Short outputs. If you’re generating 10-20 tokens (classification, short answers), the overhead of loading the draft model and running the verification loop outweighs any savings.

Batch inference at high throughput. When you’re already saturating GPU compute with large batches, speculative decoding adds memory pressure from the draft model without helping much. The target model is already compute-bound rather than memory-bound, so the fundamental premise breaks down.

Limited GPU memory. The draft model needs to live in GPU memory alongside the target. For a 70B model on 2x A100 80GB, squeezing in an 8B draft model might force you to reduce batch size or context length.

My rule of thumb: use speculative decoding when you’re serving a single user or small batch with latency as the priority. Skip it when you’re maximizing throughput across many concurrent requests.

Common Errors

RuntimeError: Expected all tensors to be on the same device

The draft and target models landed on different GPUs. Force them onto the same device or use matching device_map strategies:

1
2
3
4
5
6
# Force both models to the same device
target = AutoModelForCausalLM.from_pretrained("meta-llama/Llama-3.1-8B-Instruct", device_map="auto")
draft = AutoModelForCausalLM.from_pretrained(
    "meta-llama/Llama-3.2-1B-Instruct",
    device_map=target.hf_device_map,  # match target's device placement
)

ValueError: assistant_model and model must use the same tokenizer

You picked a draft model with a different vocabulary. Stick to the same model family. If you must use a different family, check that tokenizer.vocab_size matches between the two.
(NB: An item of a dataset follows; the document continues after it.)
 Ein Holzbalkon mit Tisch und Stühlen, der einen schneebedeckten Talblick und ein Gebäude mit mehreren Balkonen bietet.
torch.cuda.OutOfMemoryError after enabling speculative decoding

The draft model pushed you over your VRAM budget. Options: use a quantized draft model (load_in_4bit=True), reduce --gpu-memory-utilization in vLLM, or pick a smaller draft model. A 500M parameter draft still helps.

vLLM: Speculative decoding is not supported with this model architecture

Not all model architectures support speculative decoding in vLLM yet. Check the vLLM docs for supported model pairs. As of early 2026, Llama, Mistral, and Qwen families all work. Mixtral MoE models have limited support.

Low acceptance rate (below 50%) with no speedup

Your draft model is a poor match for the target. Try: (1) a draft model from the same family, (2) reducing --num-speculative-tokens to 3, or (3) fine-tuning a small model on your target model’s outputs using knowledge distillation.